William Nash asked his aunt to close all her bank accounts and transfer her money into her account at the Connecticut State Employees Credit Union, where he said it would collect higher interest, according to the affidavit. She agreed but kept one account open at Dime Bank. Nash arranged to sell the house on Newent Road and moved his aunt into St. Jude Common, an assisted living facility in Norwich. When she had a problem getting around at night, Nash arranged to have someone sit with her for a few hours, but the aunt reported she wasn't comfortable and asked to leave the facility.
Nash assured his aunt he would not place her in a nursing home and took her to his home in western Massachusetts, according to the affidavit. But she said that on the second night, he took her to an emergency room, saying she had fainted, and had her admitted to a rehabilitation unit, telling her she was a "very sick woman" in need of constant care. She said the doctors found nothing wrong with her and that she contacted her sisters and signed herself out.
Theresa Nash discovered in April 2012 that her nephew had listed himself as a joint holder of her bank accounts and had withdrawn $213,813 from the credit union, leaving a balance of just $4,000, and had drained her Dime Savings Bank account of nearly $76,000. She told investigators she had signed documents that were put before her because she trusted Nash. She said Nash also had her make out a will that appointed him as executor and named him as a beneficiary.

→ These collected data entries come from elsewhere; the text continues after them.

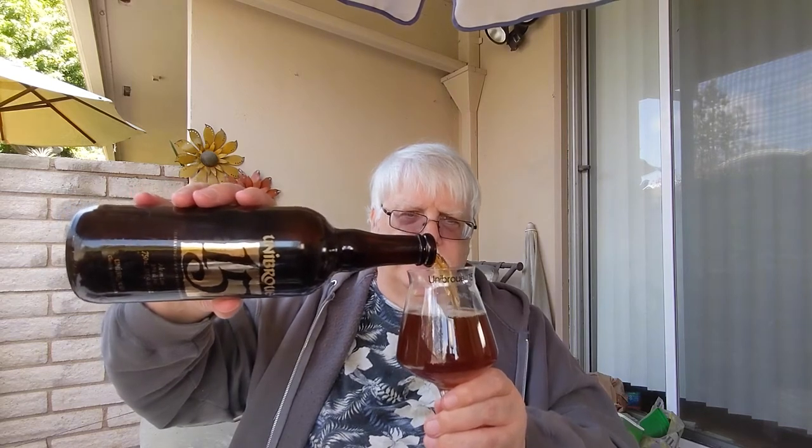I kept these upright, which — long-term storage of cork bottles — you probably should set them on their side, but that has other issues. This may be a little more carbonated, still not much. The color looks very similar.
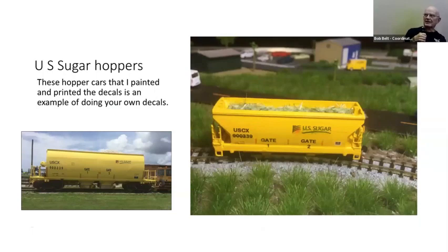Down there at US Sugar they've got a whole lot of yellow hopper cars, so I got three or four of them and did my own custom decaling — made my own decals to try to get as close as I could to the real thing.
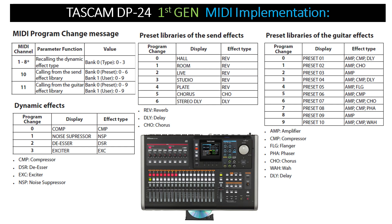Under that you have your dynamic effects, including program change numbers, the display of the effect, and the type of effect it is. Next you have your preset libraries of send effects — again with program change numbers, the display of what each effect is (hall, room, live, studio, plate, etc.), and the effect type.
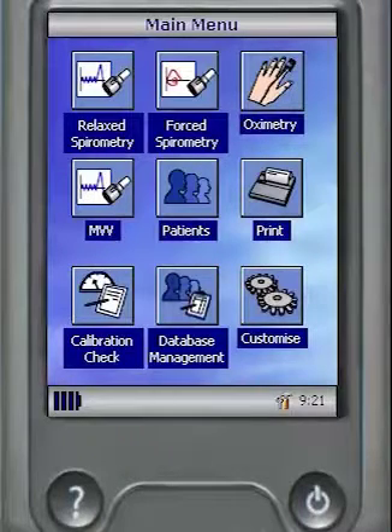Prior to using your microlab or microloop, it's strongly recommended that the unit is configured to your own personal or practice spirometry requirements, including the language, indices you wish to measure and the measurement mode you wish to perform spirometry in.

The investigation showed that Nash wrote checks totaling $16,468 from his aunt's account to pay for work on his home and car, firewood, new furniture and other personal expenses. Other transactions occurred via ATM withdrawals and cashier's checks, according to the warrant.

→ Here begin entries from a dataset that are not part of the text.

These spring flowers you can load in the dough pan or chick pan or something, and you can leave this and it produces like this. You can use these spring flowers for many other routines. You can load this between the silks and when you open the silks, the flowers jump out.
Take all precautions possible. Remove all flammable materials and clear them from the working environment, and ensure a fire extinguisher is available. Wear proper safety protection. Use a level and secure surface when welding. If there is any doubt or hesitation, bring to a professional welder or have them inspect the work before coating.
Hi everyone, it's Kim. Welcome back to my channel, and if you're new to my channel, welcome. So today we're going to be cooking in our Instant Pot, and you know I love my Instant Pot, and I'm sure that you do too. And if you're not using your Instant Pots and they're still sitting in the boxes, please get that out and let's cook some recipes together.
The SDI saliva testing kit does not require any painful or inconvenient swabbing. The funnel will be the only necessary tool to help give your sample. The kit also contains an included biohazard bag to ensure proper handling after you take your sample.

Nash incurred what his aunt described as a "legitimate expense" when, at her request, he paid $9,515 to a funeral home to cover her final expenses, according to the affidavit. Confronted by police in December 2012 with a Massachusetts attorney present, Nash said he cared greatly for his aunt and had used the money to take care of her to the best of his ability. After further questions, the attorney interjected and told police that Nash could spend the funds any way he desired and was under no obligation to explain.
According to the state, Nash has refused to return to his aunt some of her personal belongings, including her birth certificate, marriage certificate, husband's death certificate, deed to her burial plot, photos and school yearbook.